Religion, Politics, and Vegetarians

Never discuss religion, politics or your meat preferences. This is what I have learned.

The ease of being a Vegetarian on this trip ebbs and flows. For some reason, over the last couple of weeks it’s been really tough. Lately, Ive wanted to disapear at meal times. I would prefer to be neither seen nor heard. That way I can eat without constant comments about what is on (or off) my plate. But sadly, as you break bread at least 3 times a day, food choices come up a lot. And what Im realizing is this:  It doesnt matter if youre keeping your veggie preferences to yourself, if everyone else at the table is eating a steak, and you are eating a salad…well, then you are a jerk.

That’s not the case everywhere. There are certain places, where it is perfectly fine to be fancy free and vegetarian. It is not at all threatening to the meat eater that you choose to abstain. But that is not national rule of thumb. There are other places in the country where your lack of meat ingestion is a personal stain on the integrity of the dinner table, or the state. There are places where I have had to sit through long lectures about how the way I choose to eat is not right, how a friend used to be a vegetarian but then came to their senses, how other people love animals but they are willing to see “the truth”. Most of these comments are stemming from an already set opinion of Vegetarians…and now, of me. (Or so it feels…)  So any discussion, Ive found, is futile.

Why is it so controversial to be a Vegetarian? For those of you who know me, I dont make my vegetarianism a point of vibrant display. Mine is a personal choice — not something that I expect, or tell anyone else to follow. And yet, as of late, I have taken quite an unsolicited beating for my uninterest in meat, and Im getting tired.
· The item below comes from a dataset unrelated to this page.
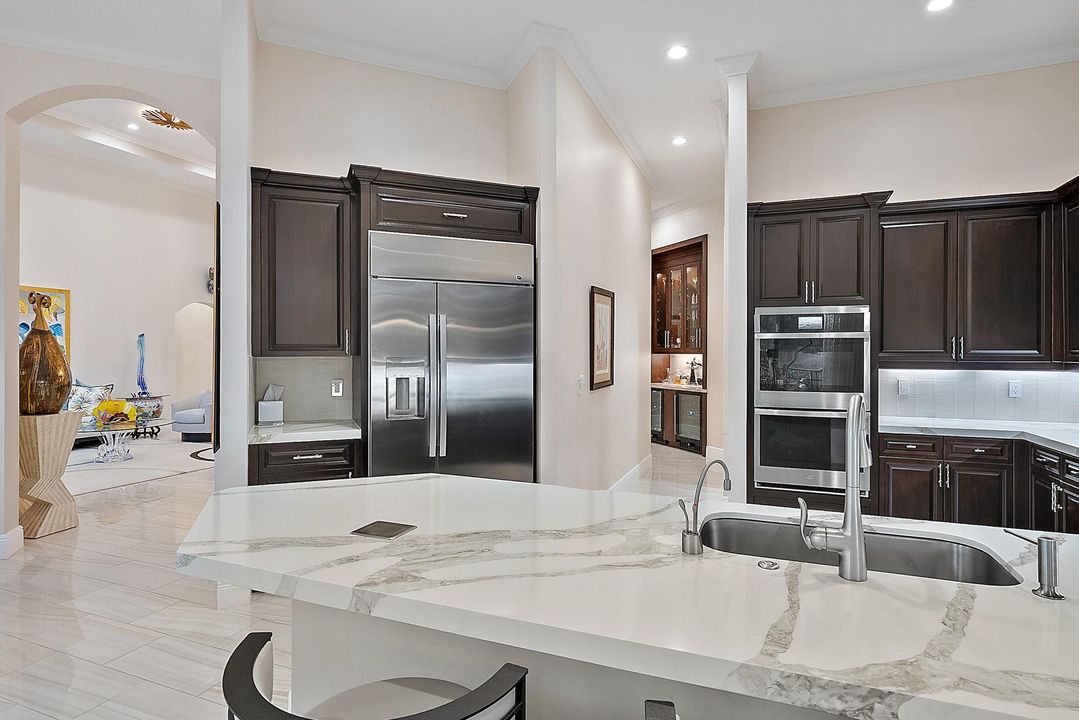 На продажу: $1,795,000 (3 спален, 3 ванн, 3248 Квадратных фут)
Now I will say that there are those kind souls who are totally neutral and really dont care what I eat. And to those people, I thank you. You must realize that at almost every stop on the trip my food preferences come into question, and you, most likely, feel that I deserve a break too. But Ive also met a lot of other people: the ones who want to change me, who think I will grow out of this foolish idea of not wanting to kill animals, the ones who think I am pretentious to turn down any type of food when others dont have that choice. I know Im lucky to be able to make that choice. And I also know Im lucky not to be born a cow, pig or lamb. And come on…you wouldnt question someone’s religious beliefs if it resulted in diet restrictions (ie. Kosher, Hallal). Why question mine?

So I propose a truce: I will continue to not judge your meal of choice at dinner, and how ’bout you let me eat in peace as well? And we can talk about something else. Anything you want — just not religion or politics.